“Ce texte est une transcription simple et claire de l’état de l’Homme qui meurt dans l’homme”, après près de 3 minutes de sifflet d’alerte, Youssef Branh lâche les premiers mots du spectacle tiré de son propre recueil de poèmes.
Negue Fly a transformé ce 21 septembre le recueil de Youssef Branh en une arme de dénonciation. Pendant 50 minutes, les spectateurs ont assisté à une performance théâtrale audacieuse, pointant du doigt la mauvaise politique des dirigeants africains et l’influence ambiguë des religions sur la société.
La scène était simple mais symboliquement puissante : quatre tables, chacune représentant un aspect critique du système. La première, où Calvin Ngao, déguisé en politicien, vendait des aphrodisiaques et des stimulants dans des bouteilles en plastique. Une satire acerbe contre la corruption et la marchandisation du pouvoir, où les dirigeants sont dépeints comme des charlatans, vendant des illusions à la population désespérée. Calvin Ngao incarnait cet homme politique déconnecté, se nourrissant des superstitions et des faiblesses de ses citoyens pour se maintenir au sommet.
À la deuxième table, l’image d’une religion captive. Une grande croix en bois dominait la scène, et Negue Fly, bouche bandée, se tenait là, immobile.

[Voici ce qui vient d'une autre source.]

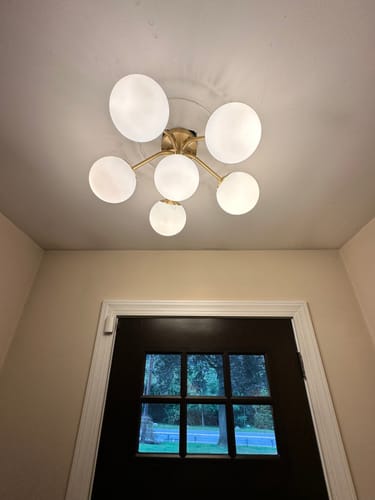 Customer photo review of Bloom Brass Frosted Glass Bubble Semi Flush Chandelier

Son mutisme symbolisait la complicité silencieuse des institutions religieuses face aux abus du pouvoir et à la misère du peuple. La religion, dans cette mise en scène, apparaît comme réduite au silence, soumise aux puissances politiques, incapable de défendre ceux qu’elle prétend sauver. Cette scène a marqué le public, dont les applaudissements ont souligné la puissance visuelle et émotionnelle du tableau.
La troisième table, tenue par Youssef Branh déguisé en clochard, vendait des livres. Ici, l’éducation et la culture, marginalisées, sont reléguées à un statut dérisoire, accessibles seulement à ceux qui s’aventurent hors des sentiers battus. Une critique amère de l’abandon des intellectuels et de la dévaluation de la connaissance dans les sociétés actuelles.
Enfin, la dernière table, couverte de bouteilles de bière, incarnait l’ivresse des nuits de Kinshasa. Une métaphore de l’évasion face à la réalité, où les distractions sont multipliées pour que la population oublie les injustices qui la frappent quotidiennement. Cette scène illustre le cycle d’amusement effréné et de consommation qui anesthésie les esprits, laissant place à une acceptation passive des maux de la société.
Le public, loin d’être de simples spectateurs, a été intégré à la performance, devenant eux-mêmes des acteurs de cette dénonciation. À travers des interactions directes avec les artistes, chacun était amené à réfléchir et à participer à la critique. Ce jeu constant entre la scène et la rue faisait écho à la réalité quotidienne, où chaque citoyen est, consciemment ou non, partie prenante de ce système défaillant.
La mise en scène percutante et l’audace narrative de Negue Fly ont été largement saluées. « Etcétèra » n’a pas seulement présenté un spectacle, il a ouvert un débat, une réflexion collective sur les failles des politiques africaines et le rôle ambigu des religions dans la gestion de ces crises.
Pour conclure cette soirée marquante, les artistes ont annoncé la poursuite de leur tournée à Mbanza-Ngungu, dans le Kongo-Central, où ils continueront à faire entendre cette voix de résistance. La route est encore longue, et « Etcétèra » se pose comme un cri artistique et poétique face aux injustices sociales, politiques, et religieuses qui gangrènent la société africaine.